On Jun 9, 1:06*am, Camelot wrote:
Hello, I have some doubts about standing waves on antennas that I hope
you could clarify!

First of all, one needs to get one's nomenclature correct. Antennas
like single-wire dipoles and full-wave loops are *STANDING WAVE
ANTENNAS*.

On Jun 9, 1:06*am, Camelot wrote:
Hello, I have some doubts about standing waves on antennas that I hope
you could clarify!

Please forgive the unfinished posting above. It happened without any
action on my part.

First of all, one needs to get one's nomenclature correct. Antennas
like single-wire dipoles and full-wave loops are Standing Wave
Antennas. Standing Wave Antennas always have standing waves on the
antenna. They may or may not have standing waves on the transmission
line.

The 50-75 ohm feedpoint impedance of a 1/2WL dipole is a virtual
impedance, the result of forward and reflected waves superposing into
standing waves on the Standing Wave Antenna. The SWR on the 1/2WL
antenna wire is approximately 20:1. Only about 20% of the total energy
in the RF waves on a 1/2WL dipole is radiated. If 100 watts is being
delivered to the antenna and ~100 watts is being radiated, there is
about 500 watts of joules/second stored on the antenna wire during
steady-state.

Maximum power transfer to the antenna occurs when the antenna *system*
is matched but it is not an impedance match.

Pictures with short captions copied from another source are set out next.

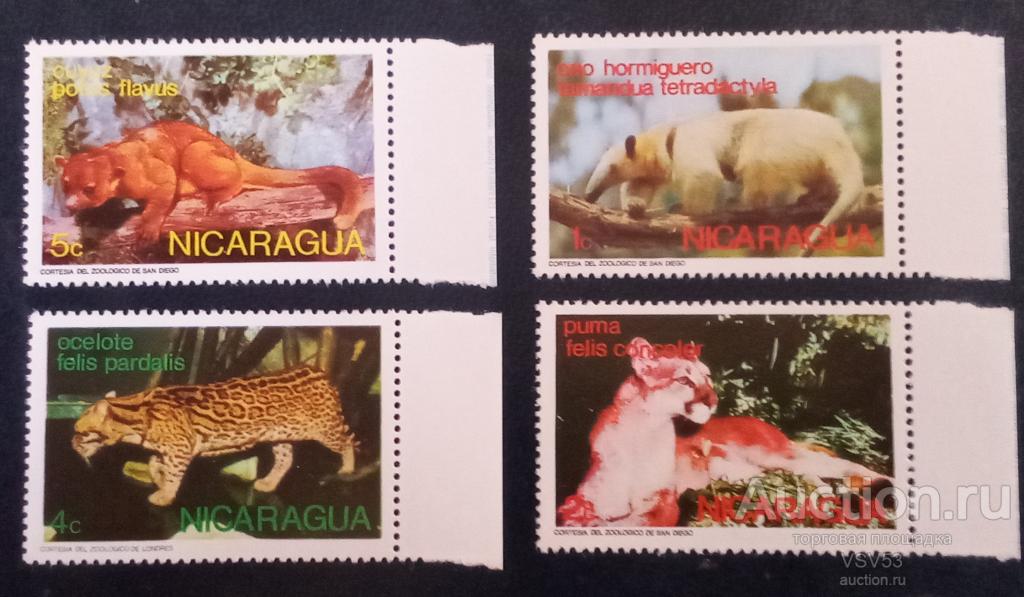 Никарагуа 1974 г. Фауна. Mi : № 1800-01,1803-04. MNH.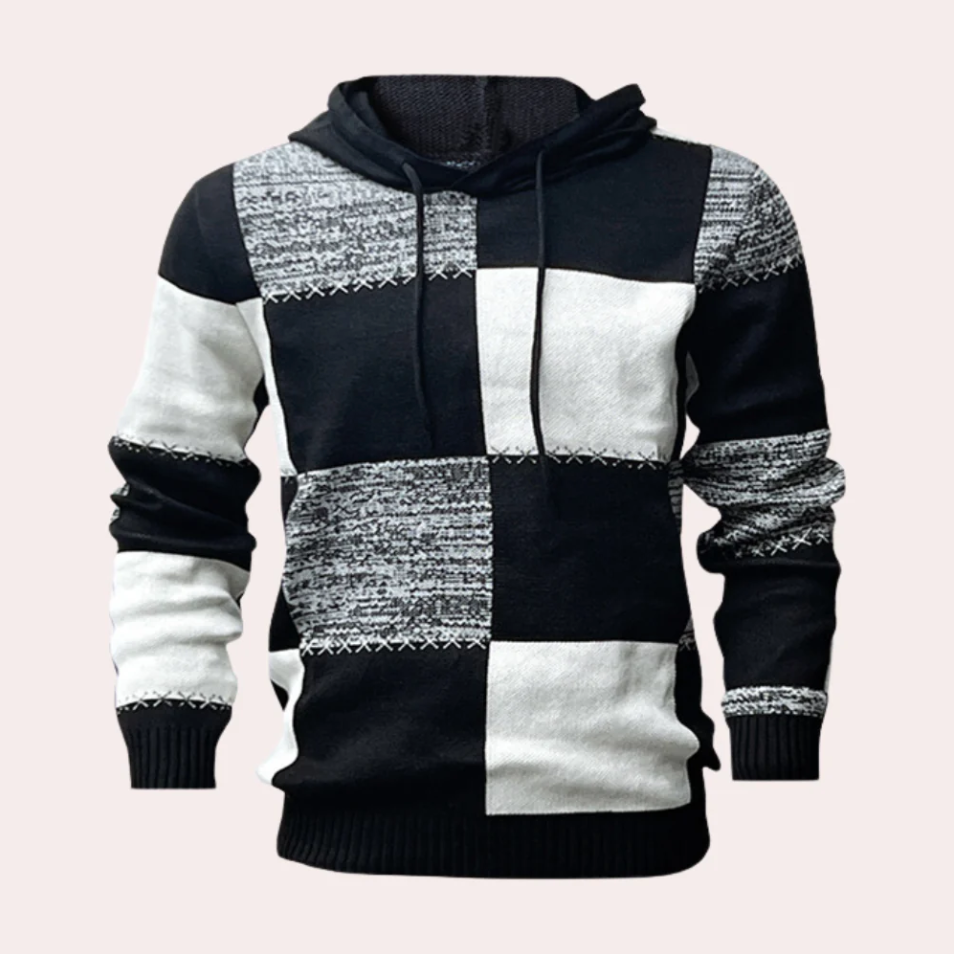 Greco - moderne patchwork hoodie voor heren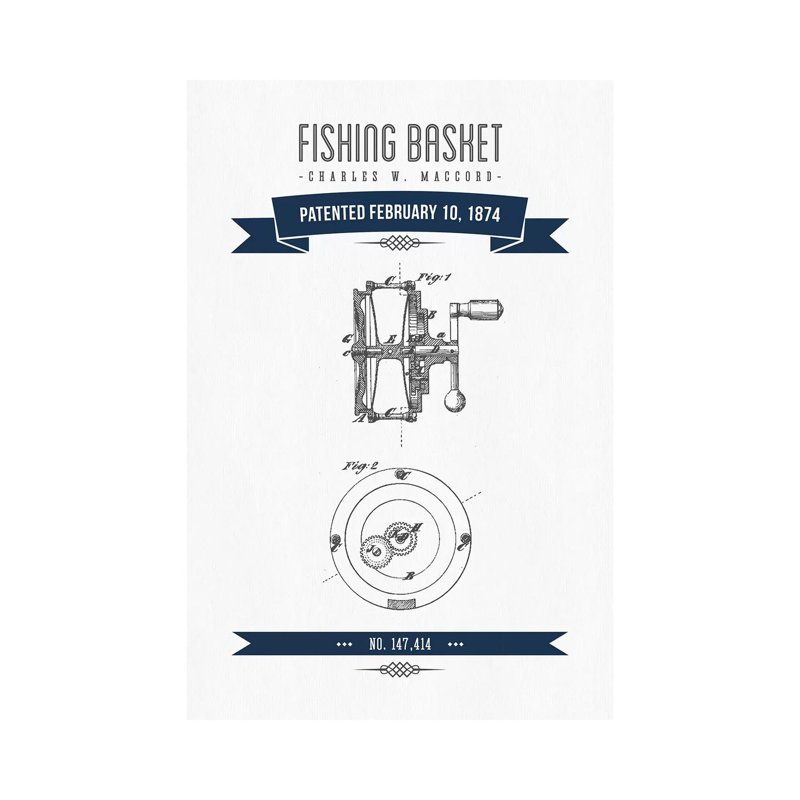 Charles W. MacCord Fishing Reel Patent Sketch Retro (Navy Blue) by Aged Pixel - Wrapped Canvas Gallery-Wrapped Canvas Giclée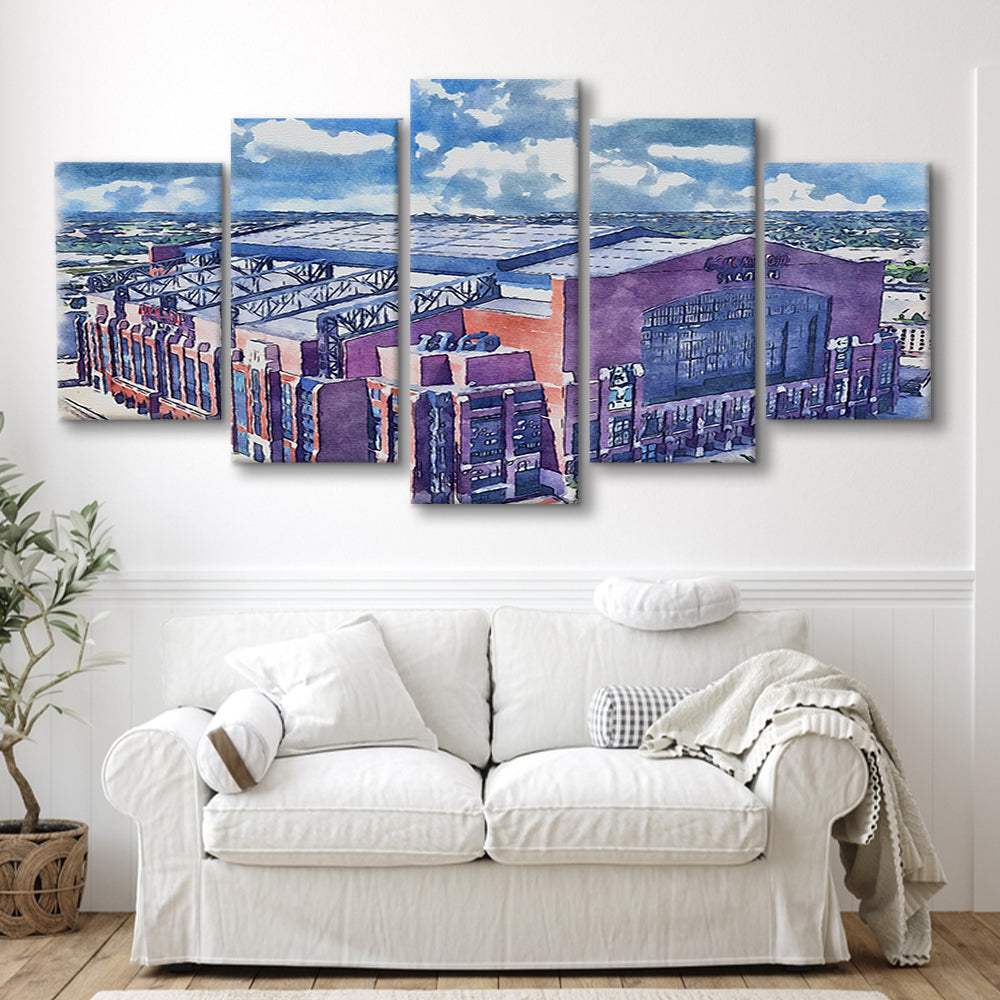 Colts Football Stadium- Lucas Oil Painting Stadium Watercolor, Sport Art, Mixed 5 Panel, Canvas Print Wall Art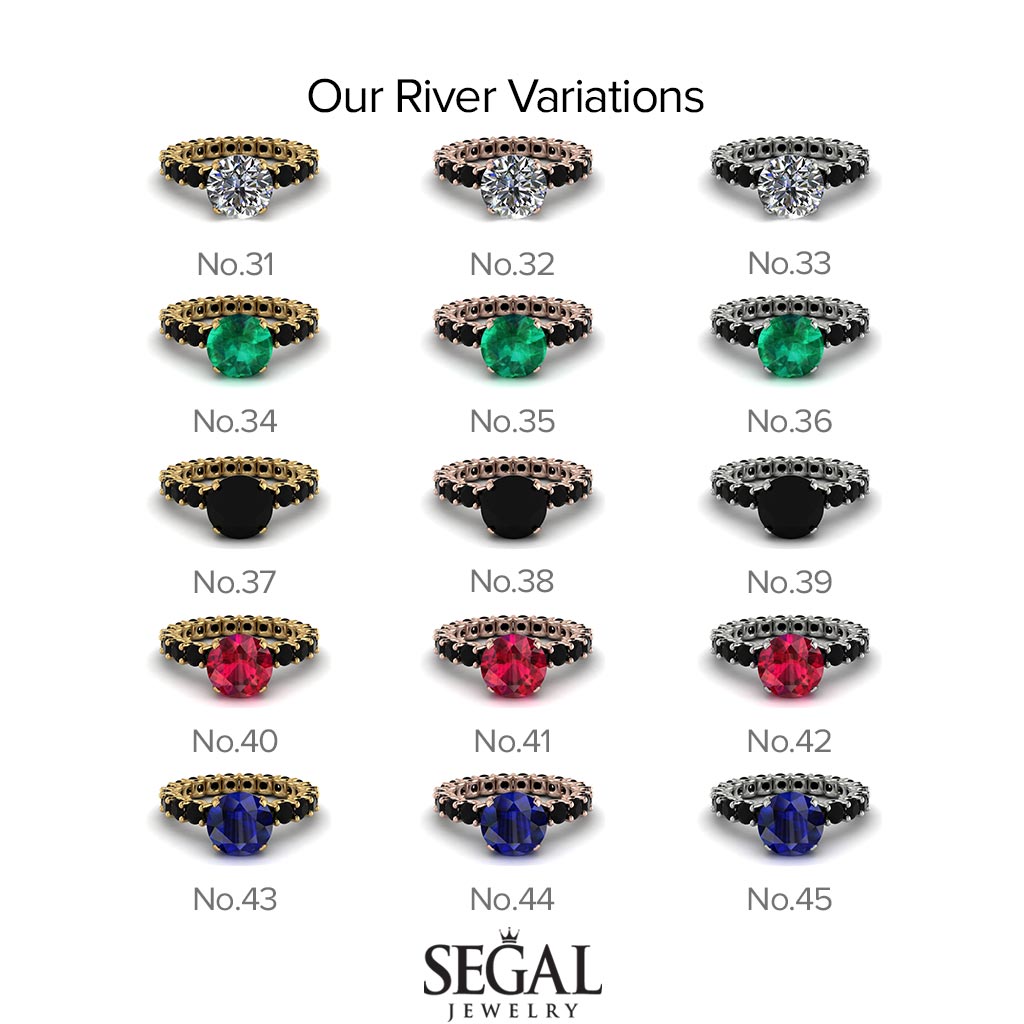 Fancy Emerald Engagement Ring - River No. 5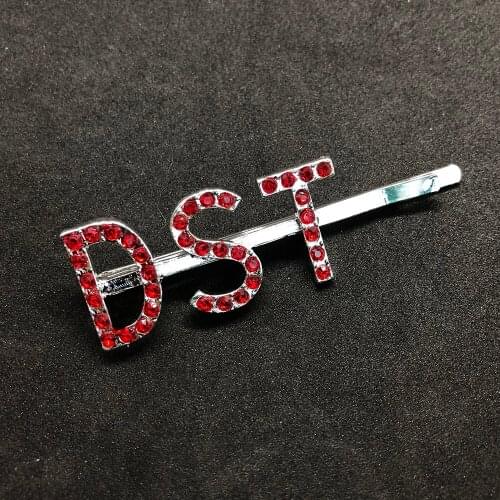Red rhinestone inlaid metal DST letter charm hair clip for Greek society DELTA sorority jewelry hair pin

It is instead a
*conjugate match*. A system with an SWR of 10:1 on the ladder-line may
(or may not) be a near conjugate match. If it is a near conjugate
match, maximum *available* power will be delivered to the antenna.

To summarize: Standing Wave Antennas, like 1/2WL single-wire dipoles,
*require* standing waves on the antenna wire.

A flat system, e.g. 50 ohm coax to a 50 ohm antenna, is an impedance
match but it is also a (trivial) conjugate match. In a low-loss
system, a Z0-match guarantees a near conjugate match at the antenna
feedpoint.

A low-loss system with tuned feeders is a (conjugately matched) system
if the impedance looking one direction in the feedline is very close
to the conjugate of the impedance looking in the other direction.

When a Z0-match to 50 ohms is achieved by a tuner (or other network) a
near conjugate match is achieved in a low-loss system. In general, all
low-loss systems that are transferring the maximum amount of available
energy are matched, by definition, i.e. they are a near conjugate
match.

The reason that I say "near" conjugate match is that the conjugate
matching theorem doesn't allow resistive losses in the analysis. Of
course, there is no such thing as a lossless system in reality.
--
73, Cecil, w5dxp.com

'Standing Waves' are not always a 'dirty' word. It just depends on
where they are and why.
- 'Doc

On Jun 9, 7:42*am, "'Doc" wrote:
'Standing Waves' are not always a 'dirty' word. *It just depends on
where they are and why.

Exactly. Standing waves are often our friend. When one feeds a 1/2WL
dipole with 1/2WL of ladder-line on 80m, one is depending upon the
standing waves to transform the impedance looking into the feedline to
the same value as it is at the antenna feedpoint. Without the standing
waves on the 300 ohm matching section, a G5RV would not work. The
transforming characteristics of a 1/4WL matching section depends upon
standing waves. The proper functioning of stubs depends upon standing
waves.
--
73, Cecil, w5dxp.com

On 6/9/2011 4:50 AM, Cecil Moore wrote:

...
Please forgive the unfinished posting above. It happened without any
action on my part.
...
--
73, Cecil, w5dxp.com

Cecil:

Don't even ask such a silly thing, happens all the time, here.

I just highlight, and then right click the post, of mine, which is in
error. If using thunderbird (and I think you are), a menu will pop up,
look near the bottom and find "Cancel Message", choosing that will
create a popup which will ask you to confirm your wish to delete the
message ...

Good luck ...

--

Regards,
JS
“The Constitution is not an instrument for the government to restrain
the people, it’s an instrument for the people to restrain the
government.” -- Patrick Henry

"Camelot" napisal w wiadomosci
...
Hello, I have some doubts about standing waves on antennas that I hope
you could clarify!
As far as I understood, in a generic transmission line where we want
only carry power from a source to a load, we need to cancel the
reflected wave by adapting the load with the impedance of the line.
The result of this operation is S11=S22=0 and VWWR=1 that means no
standing waves.

"VWWR=1 means no doubled voltage.

As far as I understood, in an antenna we want to also avoid standing
waves by having VWWR=1 in order to avoid overloading problem to the
power stage...
From theory I know that the best radiating condition for an antenna is
when it resonates, that is, when there is a standing wave… is that
correct?

Standing wave is if the electrons reflects from the end.

How this condition is compatible with a VWWR=1 (no standing
waves) for a good antenna matching? Is there something that I’m not
catching?

You simply do not know Tesla's discovery. Transmitting antennas are the
electrons guns.

In poor antenna the voltage is doubled (at ends) and you have the standing
waves.
In perfect antenna electrons jump off from the ends of a dipole and the
voltage is not doubled.
Of course Tesla's antenna radiate the alternate electric field.
S*

On Jun 9, 10:30*am, John Smith wrote:
I just highlight, and then right click the post, of mine, which is in
error. If using thunderbird (and I think you are), a menu will pop up,

I was previously using Thunderbird but AT&T dropped their news-server
function and I am now using Google Groups which apparently doesn't
allow a posting to be canceled.
--
73, Cecil, w5dxp.com